(The data)

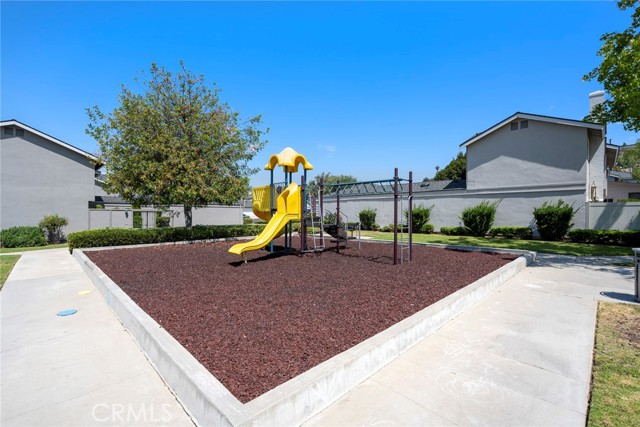 Detail Gallery Image 26 of 33 For 6597 Kameha Cir, Yorba Linda,  CA 92886 - 4 Beds | 3/1 Baths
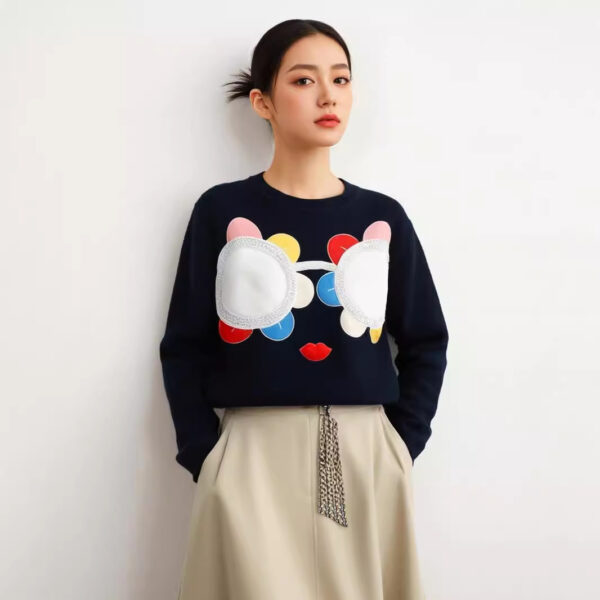 Women's Pullover Crew Neck Long Sleeve Sweater Manufacturer - MOQ 100 pcs - Style 1077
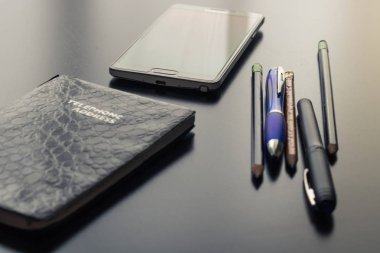 Ofis, banka donatımı parlak ve yansıtıcı Ofis Masası üzerinde ayarlanır. Masanın üzerindeki nesneleri eski karşı yeni teknoloji kavramı bitişini işaret eder. Henüz çekici ve görüntü zıt basit bir etkileşimli doğal ışık ve gölgeler oluşturmak.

(End The data)

§ Problem details
Give back all the data exactly, minus pictures.

§ Expected output
 Detail Gallery Image 26 of 33 For 6597 Kameha Cir, Yorba Linda,  CA 92886 - 4 Beds | 3/1 Baths
 Women's Pullover Crew Neck Long Sleeve Sweater Manufacturer - MOQ 100 pcs - Style 1077
 Ofis, banka donatımı parlak ve yansıtıcı Ofis Masası üzerinde ayarlanır. Masanın üzerindeki nesneleri eski karşı yeni teknoloji kavramı bitişini işaret eder. Henüz çekici ve görüntü zıt basit bir etkileşimli doğal ışık ve gölgeler oluşturmak.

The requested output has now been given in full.